Scentre Group chief executive Peter Allen said at the company’s annual general meeting yesterday that Westfield continues to attract popular brands as part of its tenancy mix.
“We’re continuing to improve the retail product offering by introducing more on-trend and desirable brands,” he said.
“In turn, these brands are driving demand for retail space across our portfolio – which remains more than 99.5 per cent leased.”
Allen said Scentre’s “operational merit hinges” upon the ability to attract the best retailers to the right centres.
“If we can get this right, our job is already half done, and so the art and science of retail curation has been — and will continue to be — an area of considerable focus for Scentre Group,” he said.

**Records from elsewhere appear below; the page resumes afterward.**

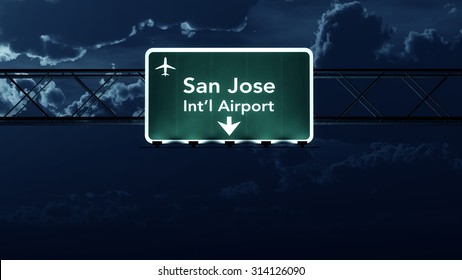 San Jose USA Airport Highway Sign At Night 3D Illustration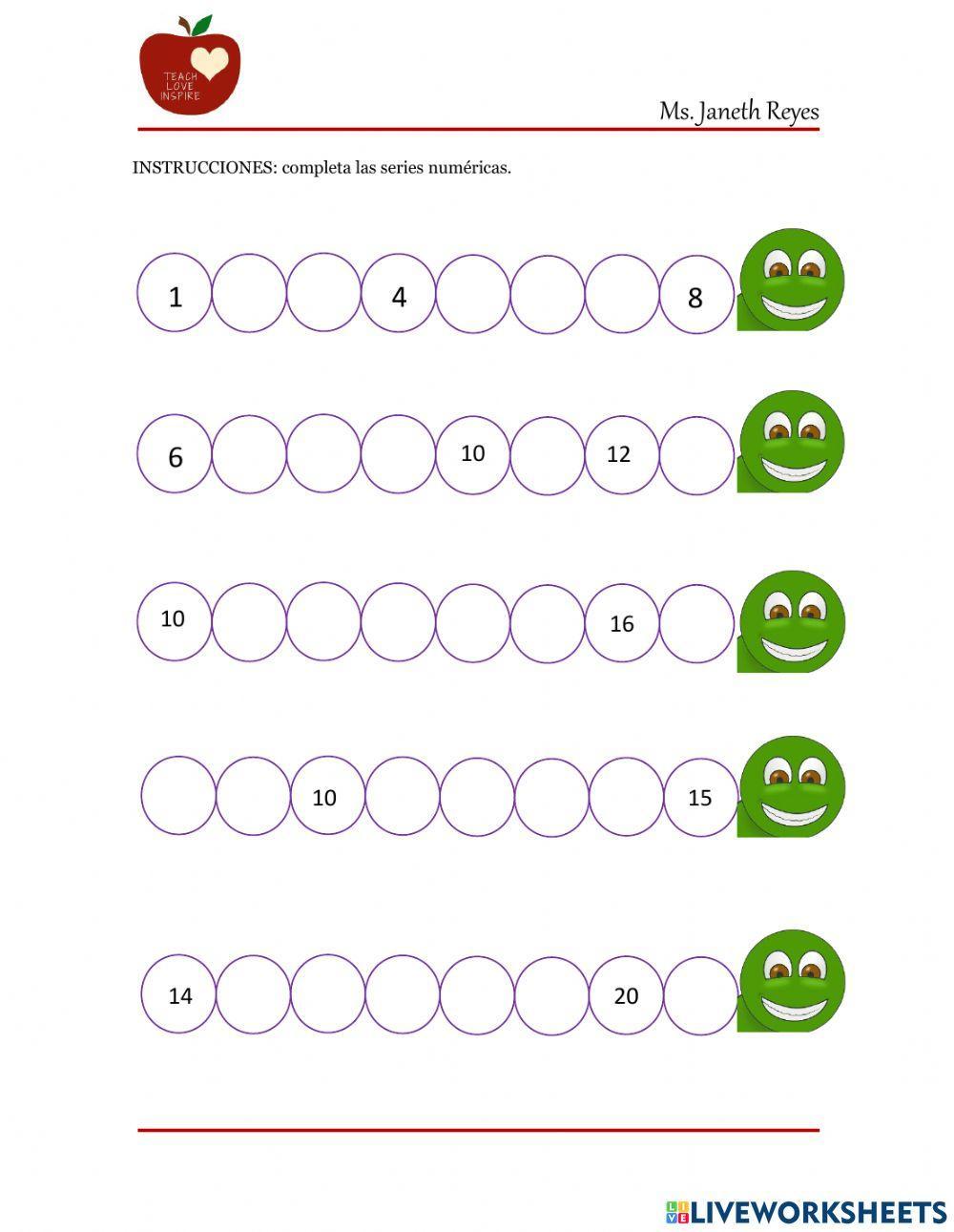 Series numéricas 1-20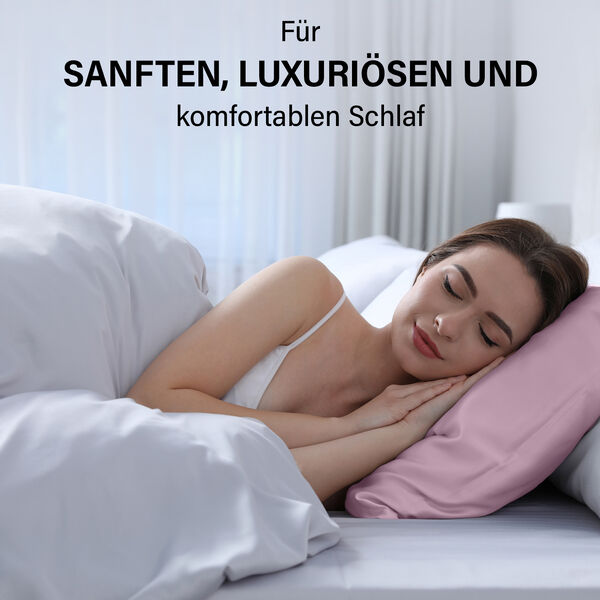 Serenity Night - 100% Maulbeerseide Sommerseidendecke mit Seidenfüllung Daunenkissen und Seidenkissenbezug Puderrosa image number 3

The strong demand for store space exists despite tough conditions for retailers, illustrated by the recent financial collapse of Pumpkin Patch, Marcs, David Lawrence and Payless Shoes.

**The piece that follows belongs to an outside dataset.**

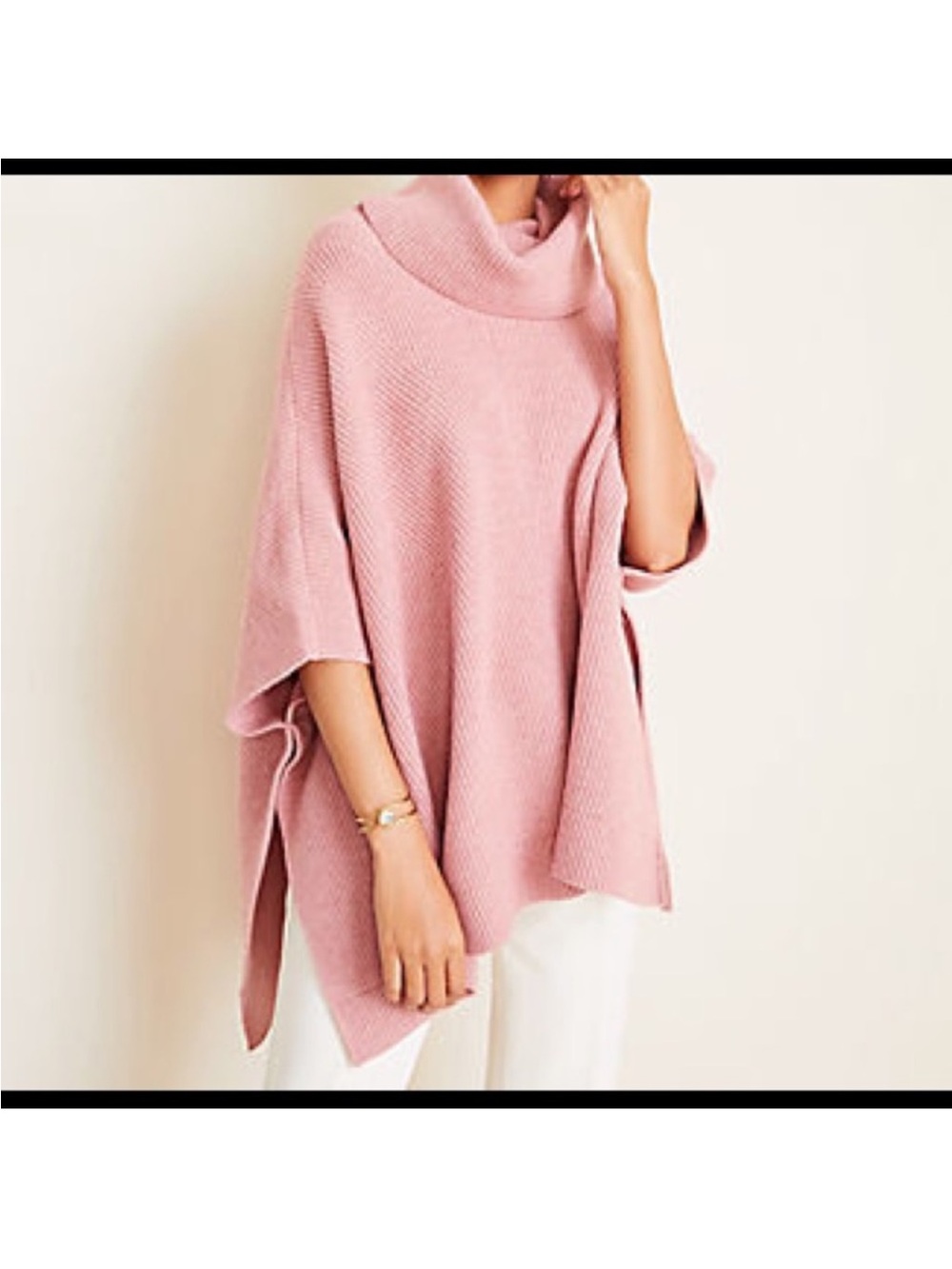 Ann Taylor Ribbed Turtleneck Poncho in Pink - M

Allen said Westfield’s 30 fastest growing tenants in Australia have increased their aggregate number of stores from 151 to 438 in the past five years.
Specialty retail sales grew by 2.6 per cent in 2016 at Australian Westfield centres, with growth across most categories.
Scentre still expects its funds from operations to grow by about 4.25 per cent in 2017, compared to 3.2 per cent in 2016.
Brian Schwartz AM, company chair, said in the last year, the group has completed and opened $665 million of redevelopments and commenced $605 million others, stating that through those projects, they continue to execute their purpose of “creating extraordinary places, connecting and enriching communities.”
“Our development pipeline is in excess of $3 billion, providing us with ongoing opportunities which include the the new ‘greenfield’ development at Westfield Coomera in Queensland and the group’s first development in New Zealand at Westfield Newmarket in Auckland,” he said.
The construction of its first new centre in more than 10 years at Coomera on the Gold Coast will likely begin in the next 12 months.
Scentre made a net profit of $2.99 billion in 2016, up 10 per cent on 2015.
Its shares were up half a cent at $4.385 at 1220 AEST.
Allen reaffirmed forecasts of funds from operations growth of about 4.25 per cent for 2017, the same figure given in the group’s full-year results in February. The 2017 distribution is forecast to rise 2 per cent to 21.73c per security.